What is Medullation and Why Does it Matter?

What is that big, scary word we’re not ready to tackle until we have another cup of coffee?  Before your eyes glaze over and you run screaming away from your device, let’s sum this up simply.

Medullation is a fancy way of saying a hair has a medulla, or a hollow space in the cortex. Look at the fibers below. You’ll notice the human hair and dog fur both have a darker color running down the center of the shaft. This is the medulla. Shown below, the Bluefaced Leicester, a longwool breed of sheep often referred to as BFL, does not show any medulla at all. And this is one of the ways we differentiate wool from other fibers. Wools are generally solid.

Human Hair

Dog Fur

BFL Wool

 

 

 

 

This is great news for dyers! A solid core means that wool takes dye better than hair! Dye molecules attach to the fiber itself, either directly or with the help of a mordant, so any hollow space means not only is there less hair for dye to attach to, but the air pocket makes it more difficult to fully saturate the fiber. This is why angora rabbit and alpaca fibers can be tricky — though not impossible — to dye in rich or dark colors. On the other hand, I suppose this is not-so-great news for those of us trying to cover up our gray hairs!

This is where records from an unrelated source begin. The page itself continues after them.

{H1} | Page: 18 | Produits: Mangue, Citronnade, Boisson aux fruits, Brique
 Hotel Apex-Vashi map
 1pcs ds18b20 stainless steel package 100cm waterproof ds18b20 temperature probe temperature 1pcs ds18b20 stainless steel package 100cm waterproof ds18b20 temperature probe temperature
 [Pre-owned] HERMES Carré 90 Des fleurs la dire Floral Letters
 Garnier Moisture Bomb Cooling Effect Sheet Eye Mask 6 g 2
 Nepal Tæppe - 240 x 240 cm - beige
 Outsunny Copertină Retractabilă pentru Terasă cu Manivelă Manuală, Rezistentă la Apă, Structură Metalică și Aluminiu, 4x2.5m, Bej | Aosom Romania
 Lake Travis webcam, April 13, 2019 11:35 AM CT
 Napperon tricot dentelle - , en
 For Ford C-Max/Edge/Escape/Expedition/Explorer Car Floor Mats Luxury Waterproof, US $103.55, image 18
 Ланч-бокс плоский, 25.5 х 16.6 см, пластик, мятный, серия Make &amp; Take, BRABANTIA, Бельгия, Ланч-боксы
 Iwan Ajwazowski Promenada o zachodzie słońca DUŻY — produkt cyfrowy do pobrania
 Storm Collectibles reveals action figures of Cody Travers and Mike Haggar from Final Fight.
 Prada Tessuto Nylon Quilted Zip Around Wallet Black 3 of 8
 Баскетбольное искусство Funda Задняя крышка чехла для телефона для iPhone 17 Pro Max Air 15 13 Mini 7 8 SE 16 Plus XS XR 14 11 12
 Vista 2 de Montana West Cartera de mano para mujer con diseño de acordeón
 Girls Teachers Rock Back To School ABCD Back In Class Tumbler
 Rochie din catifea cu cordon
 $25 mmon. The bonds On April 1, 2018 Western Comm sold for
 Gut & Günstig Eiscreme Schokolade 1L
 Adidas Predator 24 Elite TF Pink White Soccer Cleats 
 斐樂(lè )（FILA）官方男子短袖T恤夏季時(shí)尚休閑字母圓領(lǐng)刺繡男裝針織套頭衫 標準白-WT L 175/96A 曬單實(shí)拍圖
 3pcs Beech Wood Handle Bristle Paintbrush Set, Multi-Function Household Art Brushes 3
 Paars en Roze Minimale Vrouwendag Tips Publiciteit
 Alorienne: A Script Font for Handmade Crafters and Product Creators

Surprise! Alpaca isn’t a wool at all! It is actually hair, just like the hair on your head! Despite it being a hair, Alpaca still shares many of wool’s desirable qualities like crimp, fineness, warmth, and density. It is one of the fibers that rides the line between wool and hair and could be described as a wool-like hair. For example, it is medullated like hair, but has a density of around 25,000 follicles on average. Medullation generally means a thicker hair. This is why alpaca is more suitable to spin and wear than your own hair; it still usually retains the fineness of a wool, despite its medullation.  

A fiber with a medulla will be warmer than a fiber without. That is because pockets of air add an insulating layer. Air is a poor conductor of heat when compared to most other mediums. This is because molecules are not in direct contact with each other. Heat causes atoms to vibrate. When a vibrating atom comes in contact with another atom, it causes that atom to vibrate as well. This is called induction. In an air pocket, there are many fewer atoms than in a denser medium, so heat transfer is greatly reduced. Thus, a fiber with air space provides better insulation and warmth than a solid fiber. That is why many fur & hair fibers, like angora and alpaca are considered to be warmer than wool.

Consider the two fibers in the photo.  These are both from the same Jacob fleece.  One shows partial medullation (the dark lines in the center of the fiber).  The fiber that is medullated is almost twice as thick as the fiber which is not.

Once again, the primitive breeds just don’t want to fit into a nice, easy category. Many primitive breeds will show partial medullation, such as this sample of Jacob fleece. Rather than having no medulla or one continuous medulla, the cortex is divided into several uneven chambers. 

 Fibers with a medulla tend to have a higher micron count and feel coarser and more prone to producing the “prickle-factor.”  This is why it is often considered an undesirable trait in wool.